Javascript instant iterators

Sunday, 9 Jan 2005

Today’s useful Javascript snippet:

function iterate( iterable ) {
  var i = -1;
  var iterator = function() { return i < 0 ? null : i < iterable.length ? iterable[ i ] : null; };
  iterator.next = function() { return ( i + 1 ) < iterable.length ? iterable[ ++i ] : null; };
  return iterator;
}

As a Perl-spoiled brat, I find myself using this or a slight variation on it pretty often.

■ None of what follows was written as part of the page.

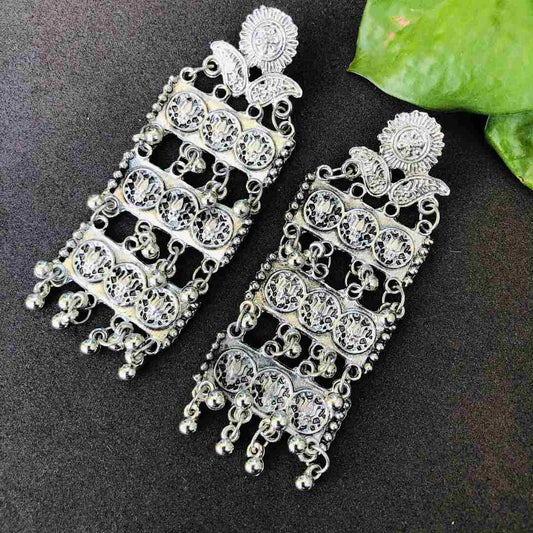 LARQ JEWELS Silver Plated Oxidised Silver Earring jhumki earrings traditional fashion jewellery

It enables me to write the following:

for( var sheet = iterate( document.styleSheets ); sheet.next(); ) {
  if( sheet().href ) {
    do_something( sheet() );
  }
}

rather than the far more tedious and annoyingly repetitive:

for( var i = 0; i < document.styleSheets.length; ++i ) {
  var sheet = document.styleSheets[ i ];
  if( sheet.href ) {
    do_something( sheet );
  }
}

to say nothing of:

for( var i = 0; i < document.styleSheets.length; ++i ) {
  if( document.styleSheets[ i ].href ) {
    do_something( document.styleSheets[ i ] );
  }
}

And of course these are just silly examples. In real code, where you often want to nest several loops, the repetition gets hideous real quick like.